A compound waveguide device contains a first optical waveguide, and a second optical waveguide placed in optical proximity to at least a portion of the first waveguide. The second waveguide (possibly electro-optically tunable), placed in optical proximity to the first waveguide, can be used for the coupling of optical energy, within a selectable spectral band, from the first waveguide to the second. The coupling effect between the first and second waveguides can be utilized in a variety of optical signal processing applications.

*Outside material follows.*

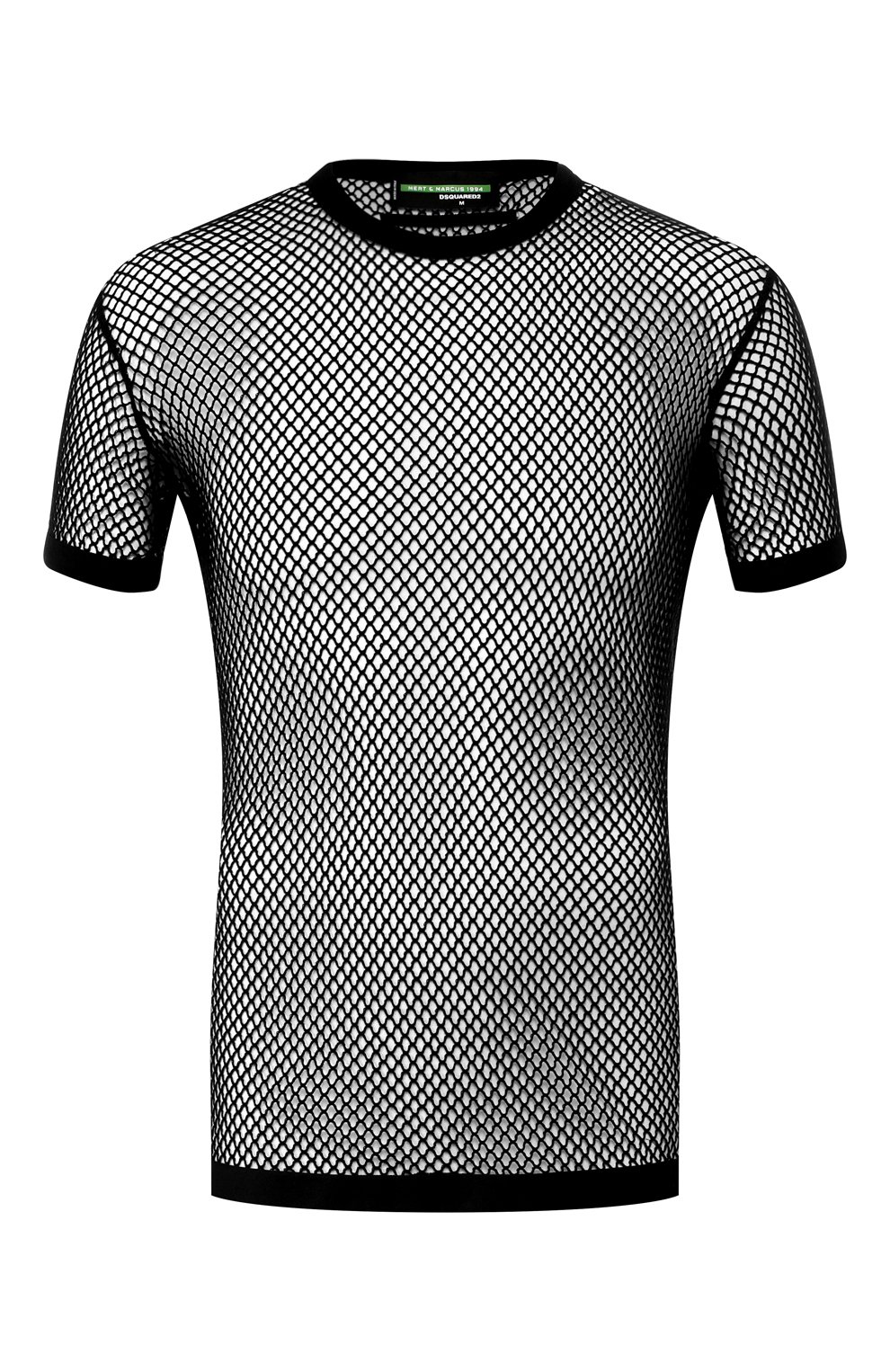 Хлопковая футболка DSQUARED2, арт. S78GD0008/S23450, фото 1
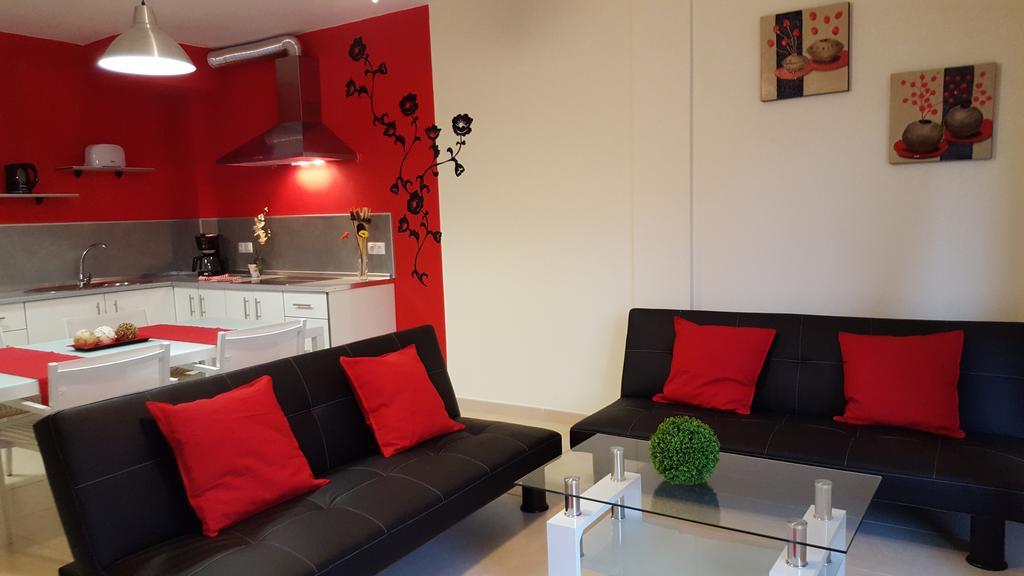 Apartamento Cotillo Playa Εξωτερικό φωτογραφία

For example, in some filtering applications, efficient recollection of the coupled optical energy for further use (e.g., in signal detection or demodulation, source stabilization feedback) is required. Multiple wavelength bands may be transmitted through the first waveguide, in a wavelength division multiplexing (WDM) system, in which case the second waveguide can be used as a filter to extract information carried in one of the bands. If an electro-optic material (e.g., LiNbO.sub.3) is used to form the second waveguide, then the device can be configured as an active, electro-optically tunable filter. In another embodiment, the geometric and physical properties of the second waveguide itself may result in a useful passive filter inherently tuned to a particular wavelength of interest.
In another example, if an electro-optic material is used to form the second waveguide, the device can be configured as an intensity modulator for a fixed wavelength signal transmitted through the first waveguide. By applying an electric field to the second waveguide using, for example, a suitable high-speed electrode pattern, a refractive index change is induced in the second waveguide and a corresponding shift in the spectral response results. The transmitted intensity of the signal in the first waveguide can therefore be modulated by the shifting spectral response, resulting in a modulator which can operate up to microwave frequencies.
Depending upon the particular application, different coupling characteristics between the waveguides are required. However, certain improvements to these characteristics are commonly desired in many applications. Diffractive losses in the second waveguide itself, while in certain applications useful, in others may adversely affect the shape of the spectral response of the device. For example, eliminating diffractive losses is often desirable because recollection efficiency in a signal detection or demodulation device can be thereby improved.
The operation of the device is determined by its intrinsic spectral response and the electric field applied to the second, electro-optically tunable waveguide. In a filtering context, sharpening the coupling resonance, in either a bandpass or bandstop configuration, improves the spectral selectivity of the device. In a modulation context, steepening the edge of the coupling resonance can increase a modulation of an optical carrier transmission for a given amount of device tuning about the carrier wavelength. Therefore, for a given transmission modulation, steepening the coupling resonance lowers the operating voltage of the device. In either context, altering the geometry of the second, electro-optically tunable waveguide to increase the applied electric field and its distribution therein increases device tunability, and thereby improves its performance.
Therefore, what is required, is a compound waveguide device with improved tunability and which offers other improvements to known devices. In the filter context, preventing unnecessary diffractive losses in the second waveguide improves spectral selectivity and secondary coupling. In the modulator context, steepening the resonance edge increases device responsivity which allows for lower drive voltages.